Dietary components predisposing to non-alcoholic fatty liver disease (NAFLD) have been conflicting to date. This study aimed to compare macro and micronutrients and food intake among non-lean and lean patients with NAFLD.

Methods:

Adult people older than 18 years from seven postal districts of Shiraz, Iran, were selected using multistage cluster randomized sampling. Nutrition status was queried by a standard food frequency questionnaire and NAFLD was detected by sonography. The participants were divided into four groups: non lean-NAFLD (participants with NAFLD and BMI ≥ 25 kg/m2), lean-NAFLD (participants with NAFLD, BMI < 25 kg/m2), Non lean-Non NAFLD (BMI ≥ 25 kg/m2 without NAFLD), lean-non NAFLD (BMI < 25 kg/m2 without NAFLD).

Results:

Of 478 participants, 204 (42.7%) were lean and 95 (19.9%) were diagnosed with NAFLD. The median age of interviewees was 42 years and male to female ratio was 0.7. Overall, starchy foods and potato intake was significantly different between the groups. In non-lean group, potato intake was higher among NAFLD compared to non-NAFLD (P = 0.02) individuals and in lean group, total starchy food intake was higher in those with NAFLD compared to the counterpart group (P = 0.02). Our study revealed that after adjusting for confounders, for each gram increase in carbohydrate intake, the chance of NAFLD increased by 1.99 times (95% CI: 1.982 - 1.997; P = 0.004). Also, for each gram increase in potato consumption, the risk of the disease increased by more than 2.5-fold (OR = 2.584; 95% CI: 1.281 - 5.213, P = 0.008). Moreover, NAFLD had an association with the intake of fat and the intake of polyunsaturated fatty acids (P = 0.01 and P = 0.02, respectively).

Conclusions:

Besides studying NAFLD in obese patients, lean NAFLD patients should not be neglected and more studies should be conducted to assess their dietary intake. It seems greater attention should be given to fat and starches than before in order to prevent the rising trend of NAFLD in population.

1. Background

Nonalcoholic fatty liver disease (NAFLD) has become a global health concern (1). It refers to the increased fat in the liver parenchyma while the patient does not consume significant amount of alcohol (2). It ranges from simple steatosis to non-alcoholic steatohepatitis (NASH), which can lead to cirrhosis and hepatocellular carcinoma (3). Worldwide prevalence of NAFLD is between 10% - 30% (4). In Iran, the prevalence of NAFLD and NASH is between 2.9% to 7.1% amongst general population, but Lankarani et al. showed higher prevalence in Shiraz, southern Iran (21.5%) (5). There is a strong association between NAFLD and chronic conditions such as obesity, type 2 diabetes mellitus (T2DM), hypertension, dyslipidemia, and metabolic syndrome, resulted in increasing incidence of these diseases that has made NAFLD a major health problem worldwide (3).

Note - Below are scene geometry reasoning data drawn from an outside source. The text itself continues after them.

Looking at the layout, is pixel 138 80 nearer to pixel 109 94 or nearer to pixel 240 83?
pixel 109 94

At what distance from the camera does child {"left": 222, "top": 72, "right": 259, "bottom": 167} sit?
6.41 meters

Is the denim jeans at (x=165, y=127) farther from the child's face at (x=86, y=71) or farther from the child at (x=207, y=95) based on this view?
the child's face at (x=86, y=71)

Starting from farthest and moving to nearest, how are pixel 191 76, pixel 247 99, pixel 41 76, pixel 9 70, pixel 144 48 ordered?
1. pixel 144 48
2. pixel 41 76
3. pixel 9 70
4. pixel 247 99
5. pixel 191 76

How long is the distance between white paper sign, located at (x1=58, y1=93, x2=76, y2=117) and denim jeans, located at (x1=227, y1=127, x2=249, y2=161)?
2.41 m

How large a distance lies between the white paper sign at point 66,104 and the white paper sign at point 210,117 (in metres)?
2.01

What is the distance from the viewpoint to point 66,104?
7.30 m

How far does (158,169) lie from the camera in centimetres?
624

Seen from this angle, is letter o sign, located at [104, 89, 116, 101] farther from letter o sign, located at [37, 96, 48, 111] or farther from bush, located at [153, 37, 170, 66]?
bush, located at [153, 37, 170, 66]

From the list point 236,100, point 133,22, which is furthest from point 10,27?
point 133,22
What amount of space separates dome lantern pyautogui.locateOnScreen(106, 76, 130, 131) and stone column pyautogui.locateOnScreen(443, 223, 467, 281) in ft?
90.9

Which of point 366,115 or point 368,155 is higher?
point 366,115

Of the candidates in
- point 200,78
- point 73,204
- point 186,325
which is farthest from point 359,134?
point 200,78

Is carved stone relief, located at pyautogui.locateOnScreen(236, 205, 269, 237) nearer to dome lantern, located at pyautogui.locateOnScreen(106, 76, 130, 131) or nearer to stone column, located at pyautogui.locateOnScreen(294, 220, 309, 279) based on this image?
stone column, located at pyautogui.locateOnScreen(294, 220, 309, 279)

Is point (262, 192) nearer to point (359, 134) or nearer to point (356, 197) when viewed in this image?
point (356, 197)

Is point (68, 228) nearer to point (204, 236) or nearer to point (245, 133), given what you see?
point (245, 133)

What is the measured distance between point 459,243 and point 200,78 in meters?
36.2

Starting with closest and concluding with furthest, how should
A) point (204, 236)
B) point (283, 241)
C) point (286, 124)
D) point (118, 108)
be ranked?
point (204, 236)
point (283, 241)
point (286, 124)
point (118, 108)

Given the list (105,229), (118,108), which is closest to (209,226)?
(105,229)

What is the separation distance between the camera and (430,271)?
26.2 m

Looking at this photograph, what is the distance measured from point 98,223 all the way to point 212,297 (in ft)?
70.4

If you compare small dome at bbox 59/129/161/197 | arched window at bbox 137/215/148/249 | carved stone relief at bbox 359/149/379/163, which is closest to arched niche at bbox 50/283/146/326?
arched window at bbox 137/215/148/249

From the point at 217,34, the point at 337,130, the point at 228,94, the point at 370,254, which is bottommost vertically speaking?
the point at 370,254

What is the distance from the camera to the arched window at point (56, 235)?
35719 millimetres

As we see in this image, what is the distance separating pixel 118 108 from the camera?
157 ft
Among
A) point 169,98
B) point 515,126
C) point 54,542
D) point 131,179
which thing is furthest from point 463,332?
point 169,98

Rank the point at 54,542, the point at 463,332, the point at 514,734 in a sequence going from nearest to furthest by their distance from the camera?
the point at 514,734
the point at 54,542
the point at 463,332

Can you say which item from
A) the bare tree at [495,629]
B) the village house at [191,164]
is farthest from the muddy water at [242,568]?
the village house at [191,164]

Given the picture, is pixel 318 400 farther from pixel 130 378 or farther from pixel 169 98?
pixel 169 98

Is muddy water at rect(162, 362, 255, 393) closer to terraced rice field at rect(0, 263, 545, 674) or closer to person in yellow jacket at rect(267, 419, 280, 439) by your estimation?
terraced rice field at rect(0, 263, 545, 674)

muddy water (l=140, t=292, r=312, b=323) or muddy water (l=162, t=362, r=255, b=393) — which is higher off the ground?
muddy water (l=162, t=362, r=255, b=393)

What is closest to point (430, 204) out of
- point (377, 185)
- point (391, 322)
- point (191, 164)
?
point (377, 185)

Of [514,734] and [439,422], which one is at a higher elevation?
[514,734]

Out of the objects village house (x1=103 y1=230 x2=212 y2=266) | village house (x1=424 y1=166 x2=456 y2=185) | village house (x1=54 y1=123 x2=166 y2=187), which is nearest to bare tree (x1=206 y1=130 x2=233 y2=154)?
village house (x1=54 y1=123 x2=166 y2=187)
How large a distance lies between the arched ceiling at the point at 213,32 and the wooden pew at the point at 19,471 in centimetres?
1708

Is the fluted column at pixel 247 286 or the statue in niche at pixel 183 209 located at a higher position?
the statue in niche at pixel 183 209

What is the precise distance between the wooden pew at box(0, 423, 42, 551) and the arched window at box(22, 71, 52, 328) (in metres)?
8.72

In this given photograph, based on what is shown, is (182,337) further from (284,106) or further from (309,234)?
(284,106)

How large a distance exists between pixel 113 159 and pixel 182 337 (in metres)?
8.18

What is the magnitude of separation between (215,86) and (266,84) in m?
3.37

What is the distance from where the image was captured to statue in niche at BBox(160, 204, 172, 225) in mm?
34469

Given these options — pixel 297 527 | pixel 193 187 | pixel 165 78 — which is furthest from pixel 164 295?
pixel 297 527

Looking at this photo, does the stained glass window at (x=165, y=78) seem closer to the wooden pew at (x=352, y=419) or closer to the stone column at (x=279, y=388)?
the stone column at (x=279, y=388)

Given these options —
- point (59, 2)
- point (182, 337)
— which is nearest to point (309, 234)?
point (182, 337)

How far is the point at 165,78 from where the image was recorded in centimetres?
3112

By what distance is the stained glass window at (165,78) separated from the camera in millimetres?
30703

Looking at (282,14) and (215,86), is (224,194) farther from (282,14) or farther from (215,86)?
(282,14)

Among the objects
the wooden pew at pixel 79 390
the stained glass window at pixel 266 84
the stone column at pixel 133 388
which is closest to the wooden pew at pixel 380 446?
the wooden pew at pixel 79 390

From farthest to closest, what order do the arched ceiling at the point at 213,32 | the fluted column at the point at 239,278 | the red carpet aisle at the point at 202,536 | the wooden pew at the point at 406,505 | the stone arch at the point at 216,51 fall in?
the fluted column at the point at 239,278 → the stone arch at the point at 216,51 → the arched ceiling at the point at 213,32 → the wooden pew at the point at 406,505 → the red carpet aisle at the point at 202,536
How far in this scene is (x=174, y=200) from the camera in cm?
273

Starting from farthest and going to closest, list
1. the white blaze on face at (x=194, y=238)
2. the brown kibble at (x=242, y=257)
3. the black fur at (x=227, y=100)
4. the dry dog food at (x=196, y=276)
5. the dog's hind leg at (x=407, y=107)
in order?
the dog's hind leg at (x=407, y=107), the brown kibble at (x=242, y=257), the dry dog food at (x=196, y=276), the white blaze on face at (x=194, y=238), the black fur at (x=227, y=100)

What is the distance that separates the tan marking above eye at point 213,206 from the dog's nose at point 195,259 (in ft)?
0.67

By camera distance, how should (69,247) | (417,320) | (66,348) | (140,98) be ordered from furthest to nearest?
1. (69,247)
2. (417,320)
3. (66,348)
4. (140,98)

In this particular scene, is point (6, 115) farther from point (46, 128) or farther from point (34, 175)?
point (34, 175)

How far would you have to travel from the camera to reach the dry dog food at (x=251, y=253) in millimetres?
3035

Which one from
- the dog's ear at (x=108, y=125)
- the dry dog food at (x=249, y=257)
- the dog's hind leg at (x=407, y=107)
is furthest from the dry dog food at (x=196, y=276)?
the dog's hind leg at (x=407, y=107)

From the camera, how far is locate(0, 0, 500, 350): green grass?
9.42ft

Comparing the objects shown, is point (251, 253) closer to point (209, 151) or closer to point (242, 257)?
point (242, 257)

New evidence points to the fact that the pathophysiology of NAFLD can be affected by diet and nutrients. Understanding the impact of dietary nutrients is important in finding treatments for NAFLD and the related metabolic conditions. In general, high caloric diet, high saturated fatty acid (SFA) and cholesterol, and soft drinks may increase the fat accumulation in liver leading to progression into NASH (3). Caloric intake reduction, increase of soy protein and whey consumption, mono-unsaturated fatty acid (MUFA) supplements, omega-3 fatty acids, and probiotics are effective in prevention and treatment (3). However to date, research focusing on specific dietary components related to NAFLD produced conflicting results (6). Most evidence shows that obesity is one of the main risk factors of NAFLD, but it has been established that it can also occur in lean subjects (7). Although lean patients have less metabolic disturbance compared to overweight or obese patients, nevertheless, NAFLD should not be neglected in normal weight and lean subjects (8). To the best of our knowledge, a few studies have been conducted to compare nutritional determinants in lean versus non-lean people with NAFLD in the world as well as in Iran. This study aimed to compare food items and macro and micronutrients intake between these two groups.

2. Methods

2.1. Study Population

This was a cross-sectional study performed in Shiraz, the major metropolitan region in southern Iran. 542 subjects were randomly selected from general population. The sample size of this study was calculated considering 95% confidence interval, 95% precision (α = 0.05), 20% estimated prevalence of NAFLD, design effect of 2, and 10% drop out rate. Proportional randomized cluster sampling was used based on postal codes. A letter was posted randomly to the postal codes of all 7 municipality districts. Those who agreed to take part in the study were asked to call back and give a list of family members to the research team. Then, an occupant older than 18 years was randomly selected and invited to come to the predetermined setting in the clinic to be interviewed face to face by trained university affiliated clinic interviewers. Demographic and nutritional information were asked in the interviews. Moreover, physical examination by a medical doctor and liver sonography by an expert sonographer were performed. Pregnant women or those who had childbirth within the past six months were excluded. Patients with diabetes, alcoholic consumers, and those with non-Iranian nationality were also excluded. Definition of lean and non-lean NAFALD was according to Vos et al. study (9). Participants were divided into four groups: non-lean NAFLD (participants with NAFLD and BMI > 25 kg/m2), lean NAFLD (participants with NAFLD, BMI < 25 kg/m2), non-lean/non-NAFLD (BMI > 25 kg/m2 without NAFLD), lean non-NAFLD (BMI < 25 kg/m2 without NAFLD).

2.2. Measurements

NAFLD was detected by abdominal ultrasonography that revealed increasing echogenicity of liver parenchyma but decreasing echogenicity of portal vein or diaphragm (5, 10).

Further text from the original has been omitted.